Easy Healthy Broccoli Salad made with Greek yogurt for a crowd-pleasing picnic side dish! Tangy, creamy, and just as good as the original.
Isn’t she dashing?
I have a love affair with my Vegan Broccoli Salad, as do many of you. While I loooove creating and eating plant-powered recipes, I don’t eat a vegan diet at home. So, since I eat yogurt and eggs and dairy and fish, I feel it’s important for me to showcase a variety of recipes on this blog that mirror how I eat in real life.
It’s high time for another version of the picnic table classic….but with a sauce made creamy with Greek yogurt rather than cashews. Dontcha think?
It seems that these cookout salads (potato, pasta broccoli, etc.) tend to be that ingredient plus copious amount of mayonnaise. Don’t get me wrong—there’s a time and a place for mayo. But we can do better that this!
I know a lot of readers have nut allergies, so this recipe is also conveniently nut-free! Winner winner, broccoli dinner.
She’s gonna be the star of your cookouts, I just KNOW IT.
How to Make Broccoli Salad
Holy guacamole, this recipe could not be easier. First, we don’t have to cook anything. Considering the temps are above 90 these days, I’m not at all mad about not turning the oven or stove on.
First, chop up your broccoli and red onion. Put the veg in a large mixing bowl along with the dried cherries and pepitas.
Next, whisk together the dressing ingredients: Greek yogurt, vinegar, olive oil, honey, salt and pepper.
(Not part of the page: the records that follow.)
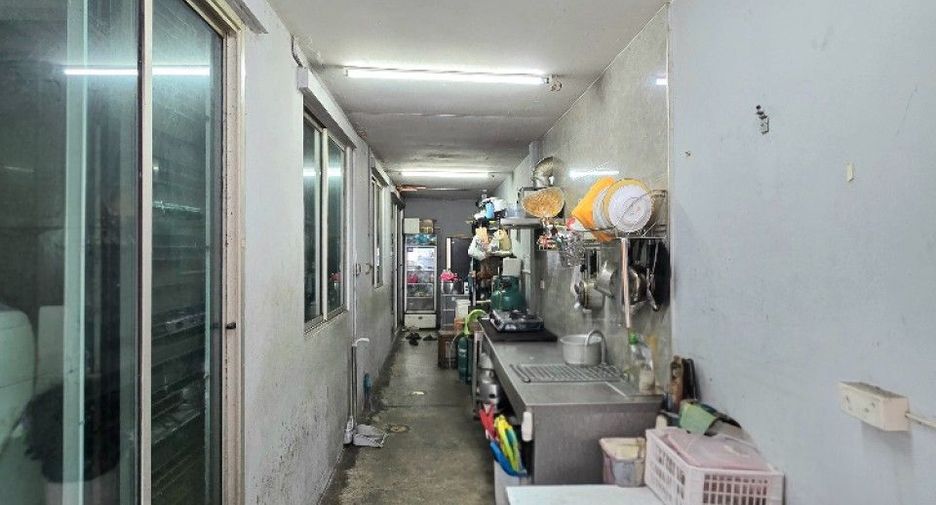 Reihenhaus zum Kauf mit 6 Zimmer in Bang Bon, Bangkok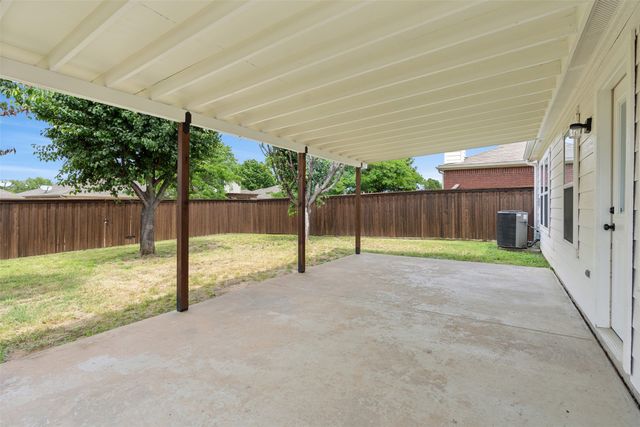 8821 Tumbleweed Drive, Cross Roads, TX 76227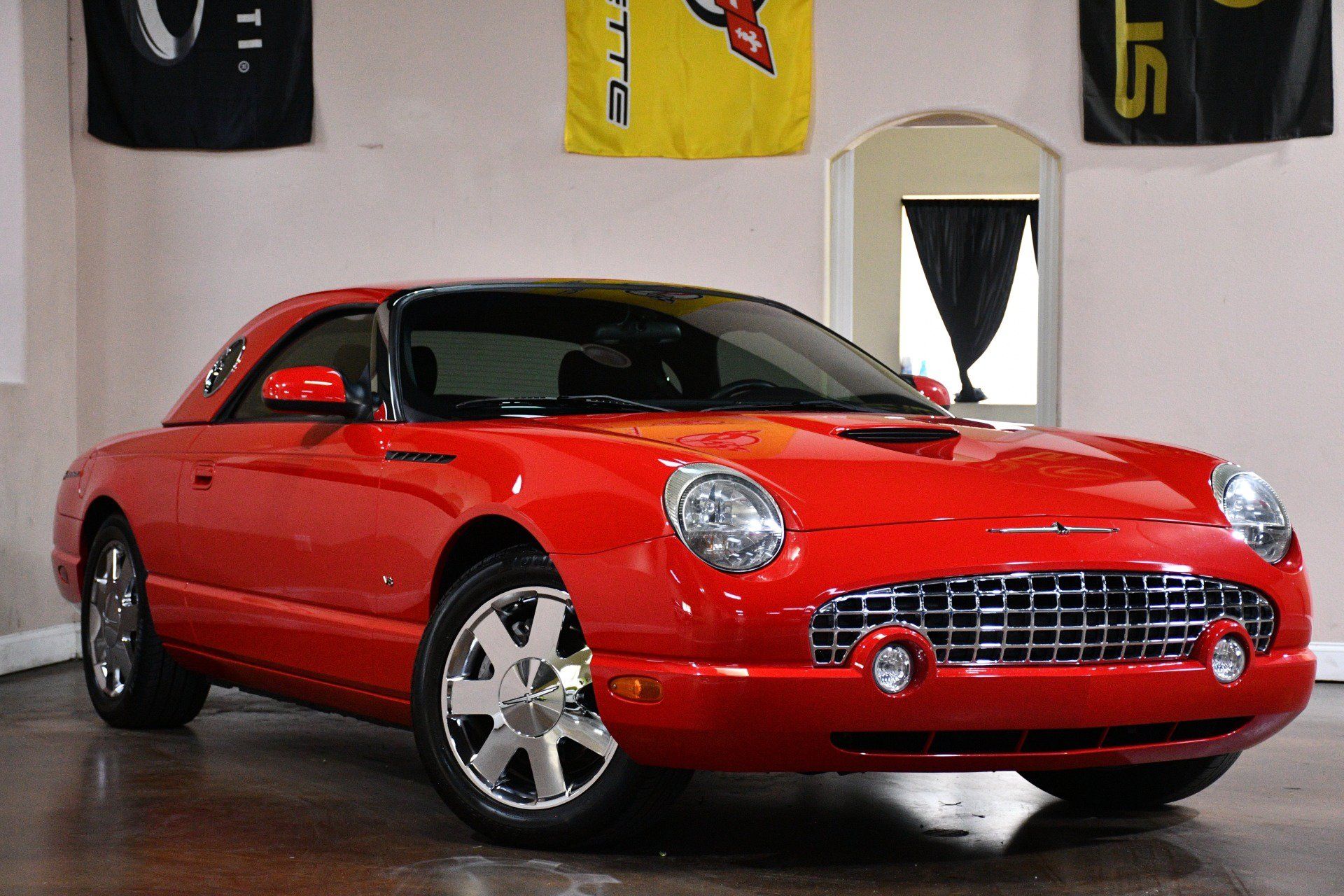Used 2003 Ford Thunderbird RWD image 3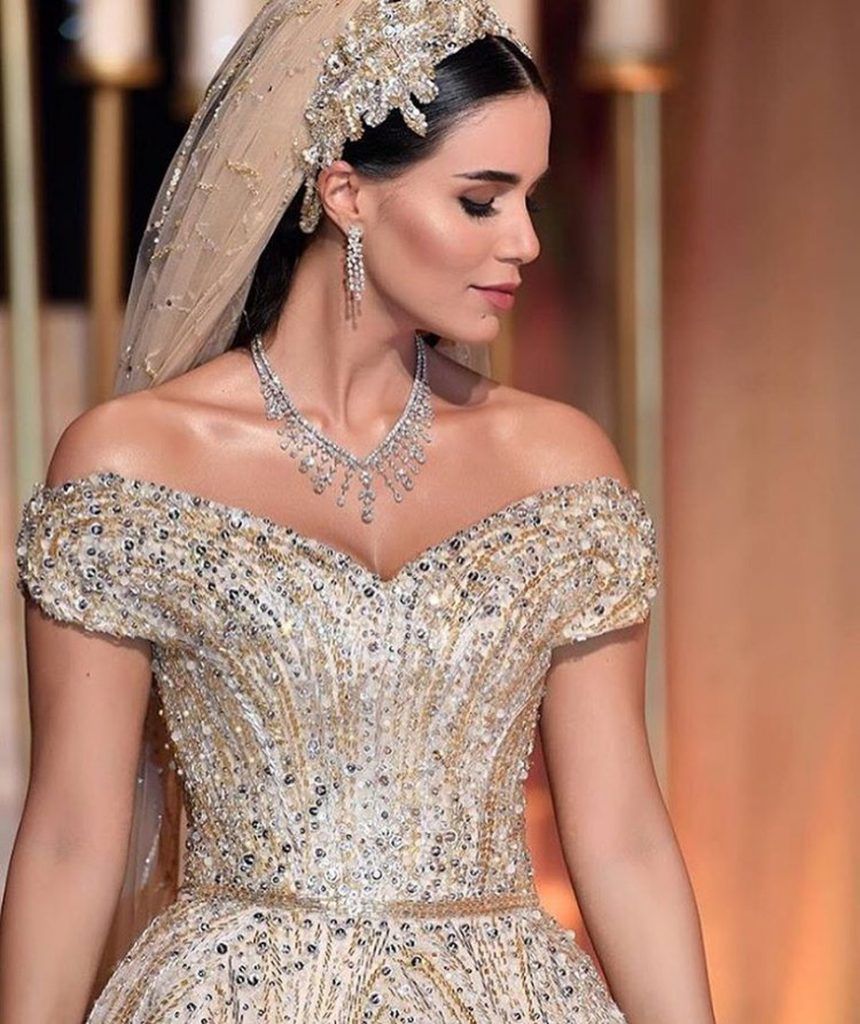 В Лівані наречена сама пошила весільну сукню. На це у дівчини пішов рік, але результат просто приголомшливий. Не знайшовши ідеальної сукні, наречена створила власну сама.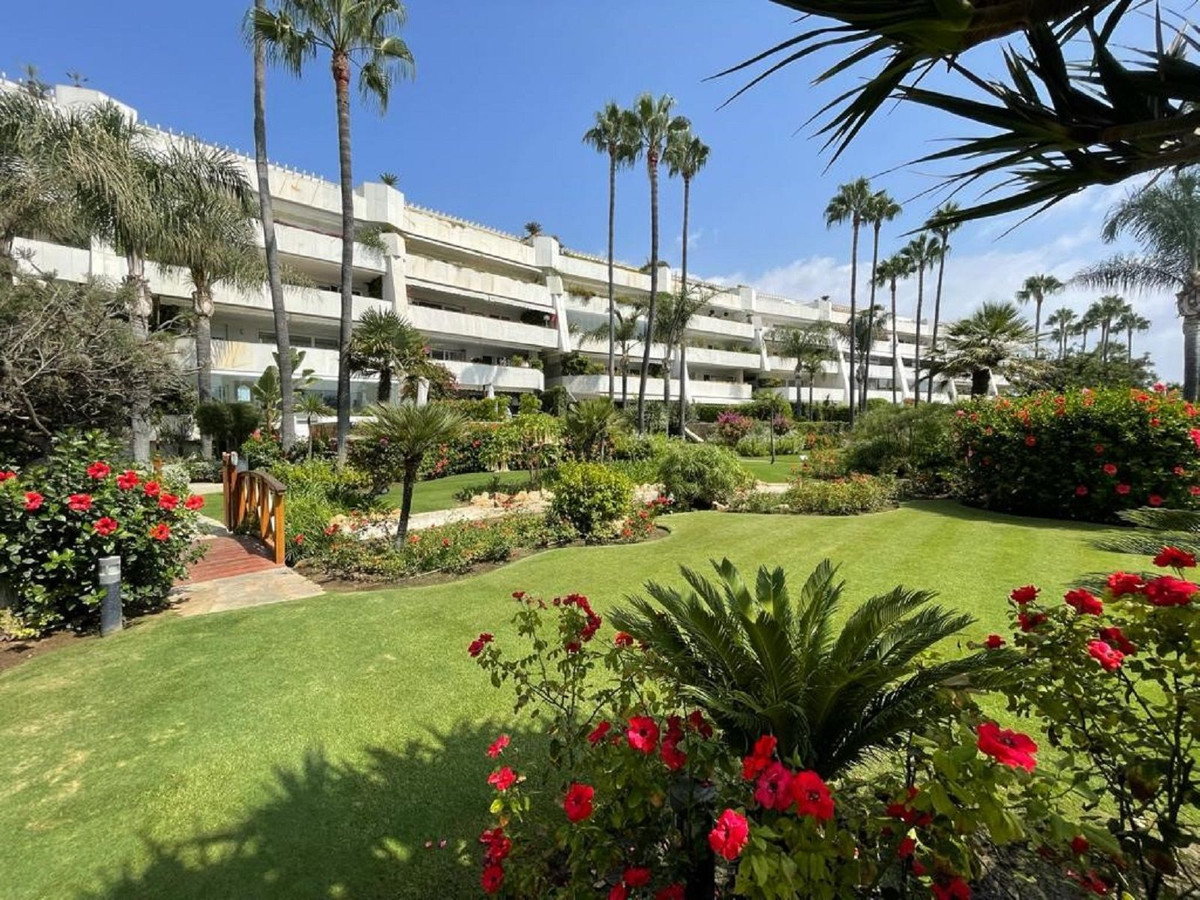 Middle Floor Apartment In Puerto Banús, Costa Del Sol, Spain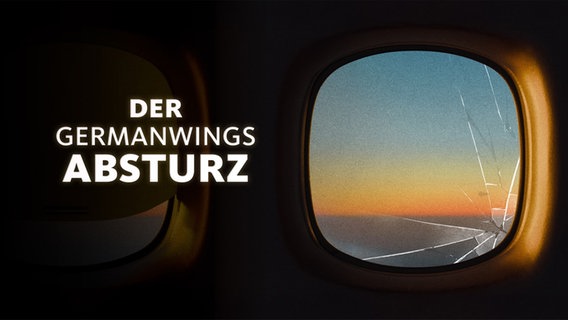 Der Schriftzug 'Der Germanwings Absturrz' links neben einem Flugzeugfenster welches einen Sprung in der Scheibe hat. © WDR 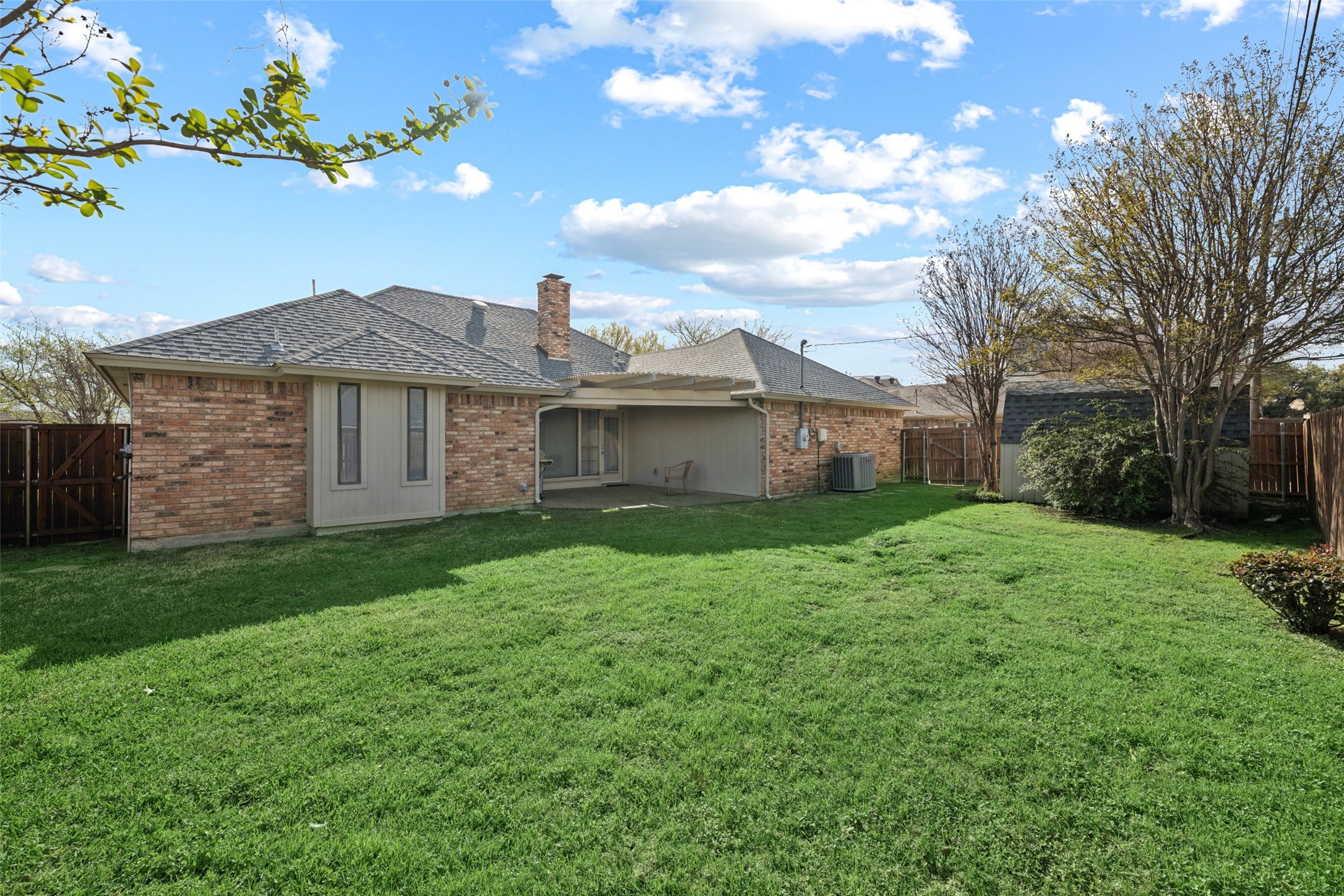 502 Crestview Drive Grapevine TX 76051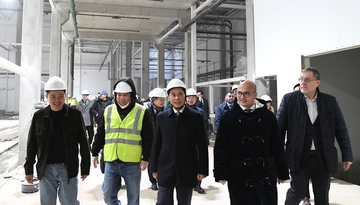 Phó Thủ tướng Bùi Thanh Sơn thăm dự án nông nghiệp đầu tiên của tư nhân đầu tư tại Nga 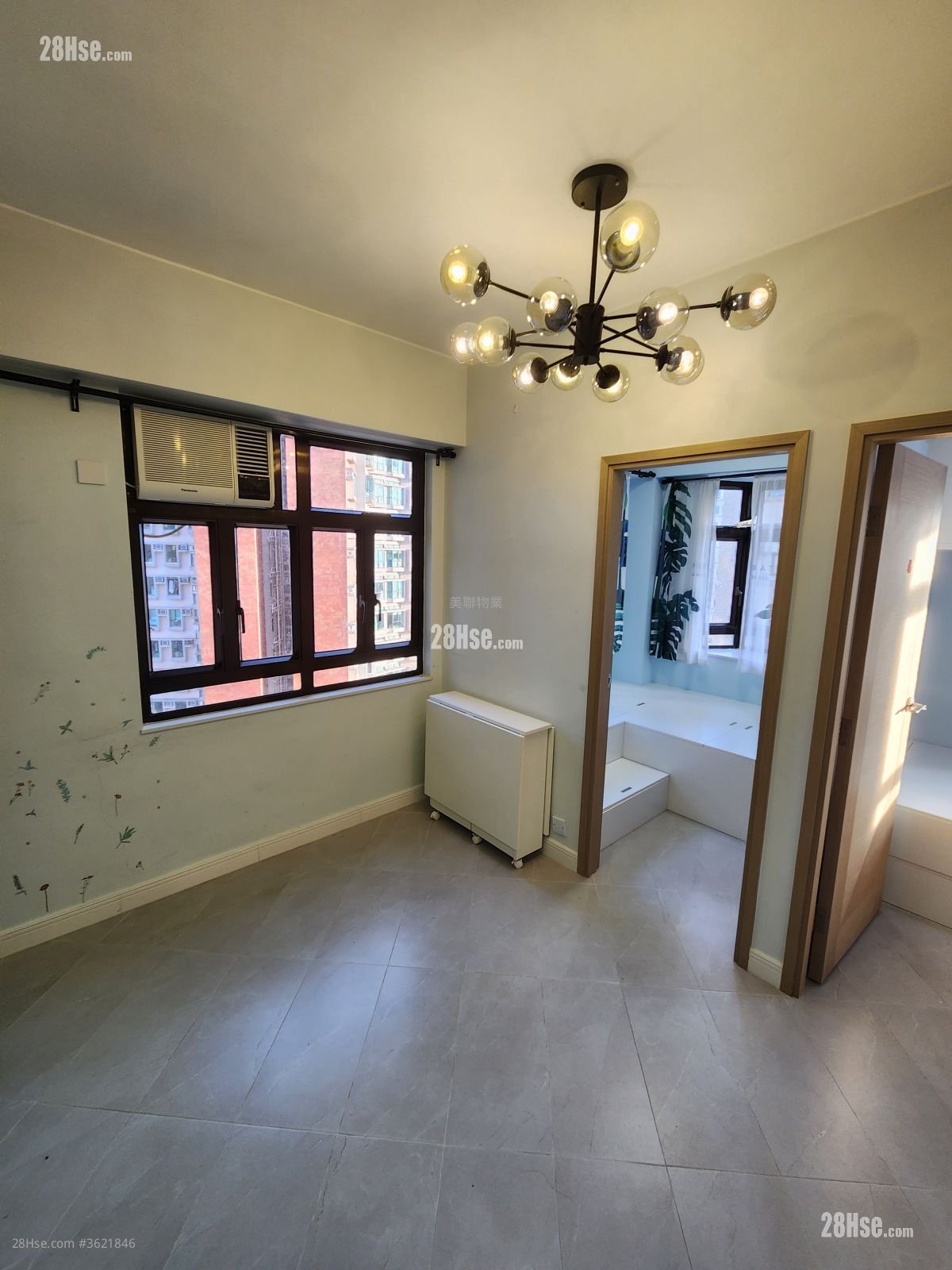 Wai Wah Centre Rental 2 Bedrooms , 1 Bathroom 297 ft² Wai Wah Centre Rental 2 Bedrooms , 1 Bathroom 297 ft²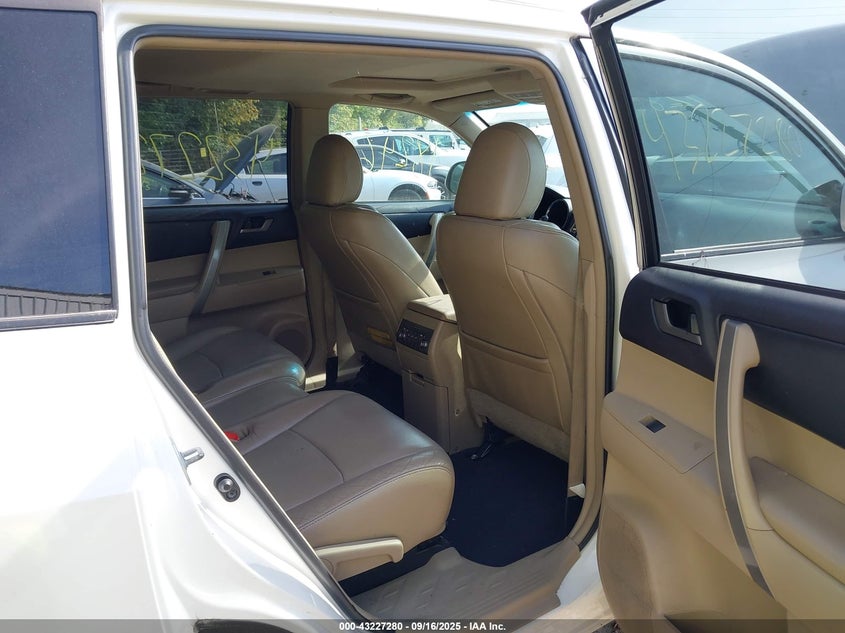 2013 TOYOTA HIGHLANDER SE V6 5TDBK3EH5DS257452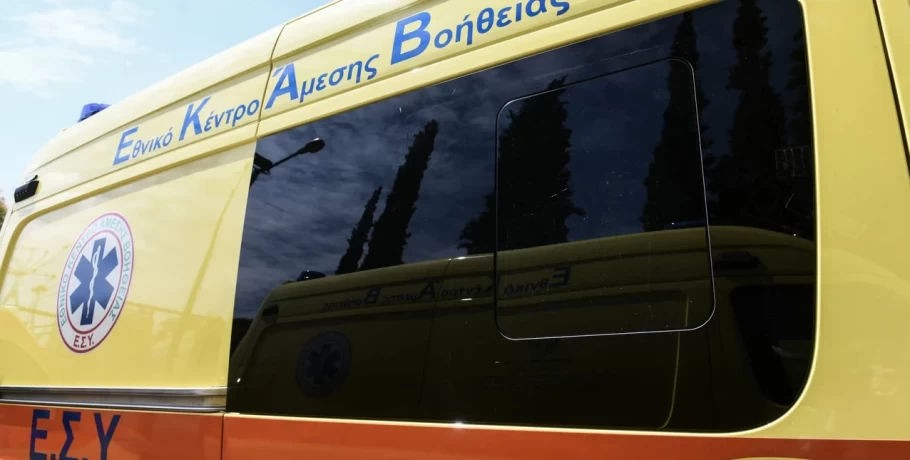 Τραγωδία στα Τρίκαλα: Κύλησε το σταθμευμένο αυτοκίνητό του και παρέσυρε και σκότωσε τη μητέρα του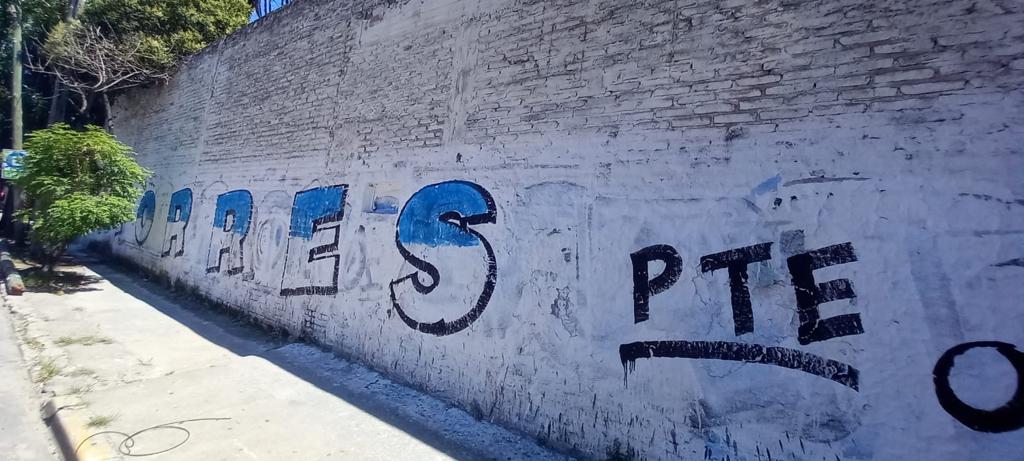 PoliticaRacing's tweet photo. En distintas zonas de la ciudad de Avellaneda se pueden ver pintadas de "Racing Digital" con la leyenda de @JManuelTorres_ presidente, como también "El primer grande otra vez".
Empieza a asomarse el año político en Racing. https://t.co/RekXBzuNLa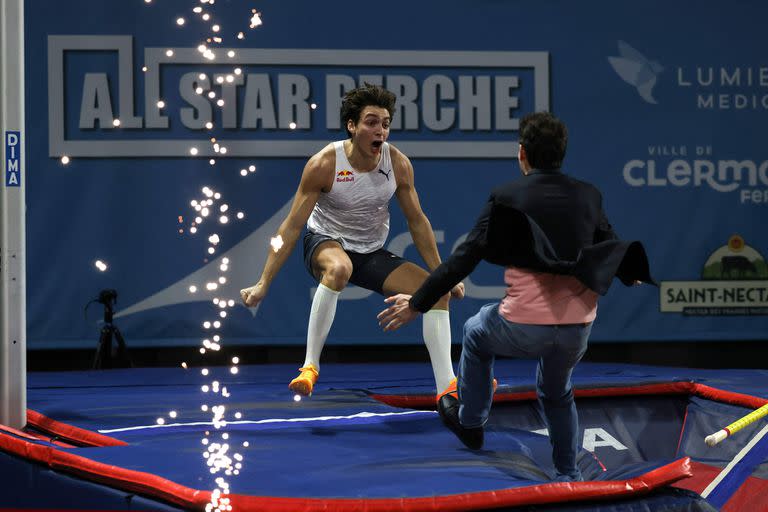 El festejo del campeón olímpico Duplantis y un abrazo muy especial: con el francés Renaud Lavillenie, organizador del torneo y el hombre al que le arrebató su primer récord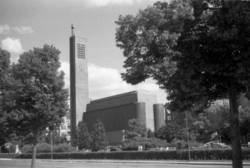 Die evangelische Kirche am Hohenzollernplatz in Berlin-Wilmersdorf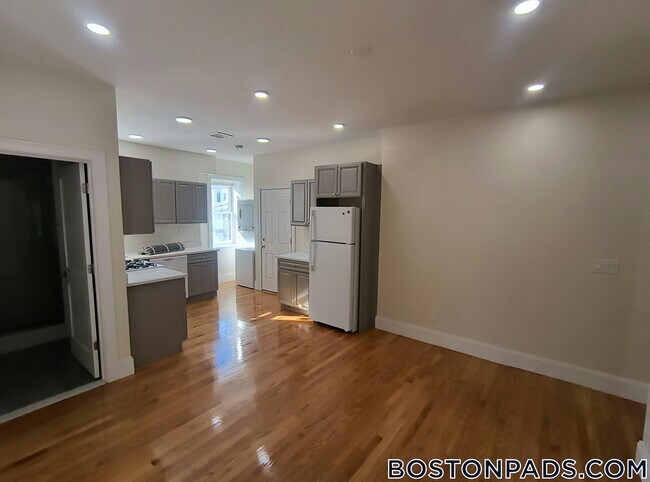 Photo - 2036 Massachusetts Ave Unidad 2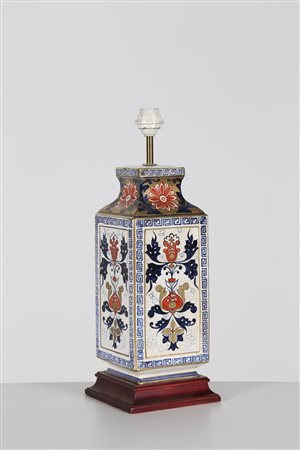 MANIFATTURA ITALIANA Lampada da tavolo in ceramica. -. Cm 20,00 x 58,00 x 20,00.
Done and done.
Coat the veggies in the luscious dressing and BADA BOOM, we’re in broccoli business. Taste and adjust, if needed. We must always taste test!
What Makes Broccoli Salad Healthy?
Folks, this recipe is FRESH. It’s nice and light, totally picnic-perfect, but still super flavorful.
No mayo: instead of mayo, we’re creating mega tang and creaminess with the quadruple threat of 2% Greek yogurt (don’t use fat free), vinegar, heart-healthy extra virgin olive oil and honey.
No cheese or bacon: you can totally add these if you’d like, but I thought this salad was crazy satisfying on its own.
A full pound of broccoli: and raw broccoli at that! You’re definitely hitting your veggie quota with this dish. Be sure to finely chop the broccoli into bite-sized pieces to avoid chomping down on a big bite.
Lettuce not forgot, recipes are meant to be a guide!
No sunflower seeds? Try pepitas or chopped almonds. I highly recommend using roasted and salted for maximum flavor.
No dried cherries? Use dried cranberries or halved grapes for a fresh, juicy bite.
Feeling meaty? Do you and add in a handful of cooked bacon or a handful of freshly grated sharp cheddar cheese.
Place chopped broccoli, red onion, sunflower seeds and dried cherries in a large mixing bowl.
In a small bowl, whisk together yogurt, olive oil, vinegar, honey, salt and pepper until smooth. Pour over broccoli mixture and toss well until everything is coated. Taste and adjust seasoning if needed, adding more salt, pepper, or vinegar to get flavors to really pop if necessary. The broccoli will soften a bit and the salad will get even more flavorful as it sits.
TO STORE: Keep leftovers in an air-tight container in the refrigerator for up to three days.